Beaucoup de choses sont écrites sur la minéralité des vins. Et cette notion est de plus en plus présente dans les commentaires de dégustation. Mihaela Minhea, chercheuse à l'université de Bourgogne, l'a souligné lors de la conférence organisée par le Lien de la Vigne, en mars dernier. Avec Jordi Ballester, également chercheur à l'université de Bourgogne, ils sont donc partis à la recherche d'une définition précise de cette notion. Surprise : en épluchant la littérature scientifique, ils n'en ont pas trouvé. La minéralité ne figure pas dans la « Roue des arômes » de Ann Noble, ni dans le « Goût du vin », de Peynaud et Blouin. Cependant, en 2003, Takatoshi Tominaga, chercheur de la faculté d'œnologie de Bordeaux, a identifié un thiol, le BMT (benzenemethanethiol), lié aux odeurs fumées et de pierre à fusil. Il a montré que le BMT est produit dans les vins de chardonnay, deux ou trois fois plus que dans le sauvignon ou le sémillon. Mais aucune étude n'a approfondi ces observations depuis.

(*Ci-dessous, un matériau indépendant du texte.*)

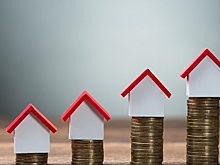 В России стоимость квартир продолжает неравномерно расти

Pour essayer d'y voir plus clair, Jordi Ballester et Mihaela Minhea s'intéressent à la perception qu'ont les experts et les consommateurs de la minéralité. Ils ont commencé par faire déguster seize vins de chardonnay à un jury d'experts et à un jury entraîné. Huit vins sont a priori minéraux, les huit autres ne le sont pas. Sur les cinq experts, trois ont noté que les vins « minéraux » ont un caractère minéral plus intense au nez. En revanche, les avis divergent complètement pour les arômes en bouche. Le jury entraîné, qui a fait une description sensorielle des vins, a bien distingué deux groupes.

Le premier (les vins a priori non minéraux) contient des vins au profil plus fruité. Pour les autres, les dégustateurs ont donné des descripteurs très étranges : serpillière, chien mouillé... « S'agit-il d'une définition de la minéralité ou de notes de réduction ? » s'interroge Mihaela Minhea. Son équipe poursuit les travaux pour essayer de répondre à ces questions.

Identifier un vin demande de l'expertise

D'après une étude du centre des sciences du goût et de l'alimentation de Dijon, seuls les professionnels sont capables, à l'aveugle, de classer des vins selon leur région de production. « Nous avons fait déguster, au nez, vingt-huit vins issus de sept régions françaises et un vin de Californie à des experts et à des consommateurs novices, relate Dominique Valentin, chercheuse au CSGA. Ils ont dû former des groupes de vins au profil sensoriel semblable. » Les novices n'ont pas su classer les vins selon des régions viticoles.

Alors que près de la moitié des experts ont bien catégorisé les vins : ils ont surtout bien identifié les vins du Beaujolais, de Bourgogne, de Bordeaux et le vin américain. Lors d'un test plus simple, les dégustateurs ont dû distinguer, au nez, des vins rouges, blancs et rosés, dans des verres noirs. Dans ces conditions, les consommateurs novices ont été aussi capables que les experts de classer les vins selon leur couleur.